:: Exercise material

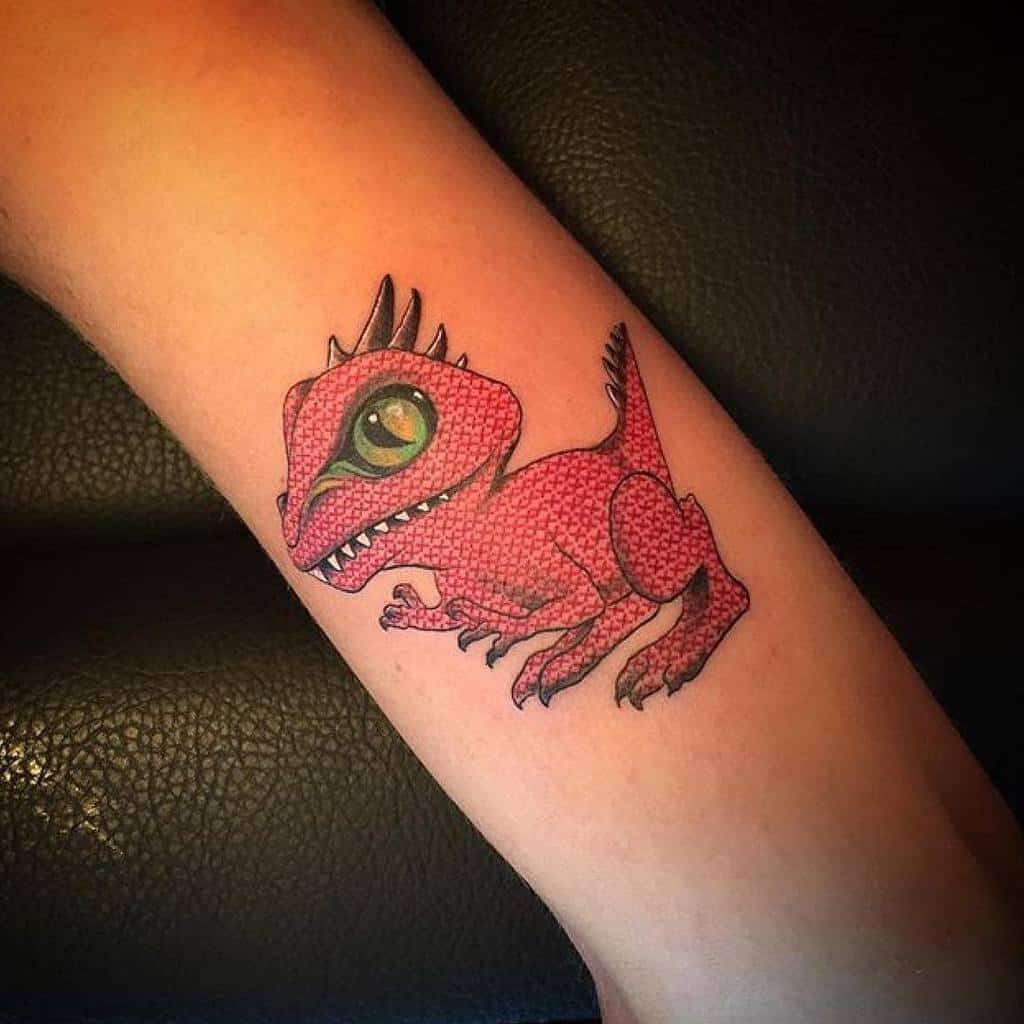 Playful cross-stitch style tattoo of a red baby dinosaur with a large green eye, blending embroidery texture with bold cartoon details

::::
:: Exercise material

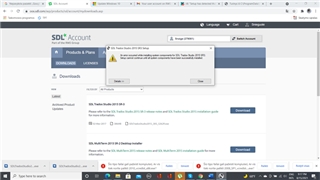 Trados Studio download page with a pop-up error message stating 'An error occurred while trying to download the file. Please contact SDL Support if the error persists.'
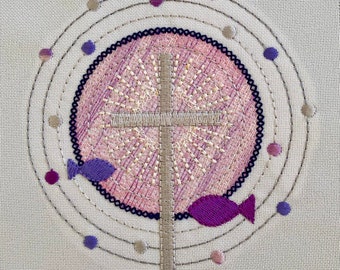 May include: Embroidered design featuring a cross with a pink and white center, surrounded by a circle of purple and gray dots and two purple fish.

::::

▸ **To do**
Working from the records above, set down word for word everything from the line containing "Trados Studio download" down to the line containing "May include: Embroidered", ends included, minus the pictures.

▸ **Response to the exercise**
 Trados Studio download page with a pop-up error message stating 'An error occurred while trying to download the file. Please contact SDL Support if the error persists.'
 May include: Embroidered design featuring a cross with a pink and white center, surrounded by a circle of purple and gray dots and two purple fish.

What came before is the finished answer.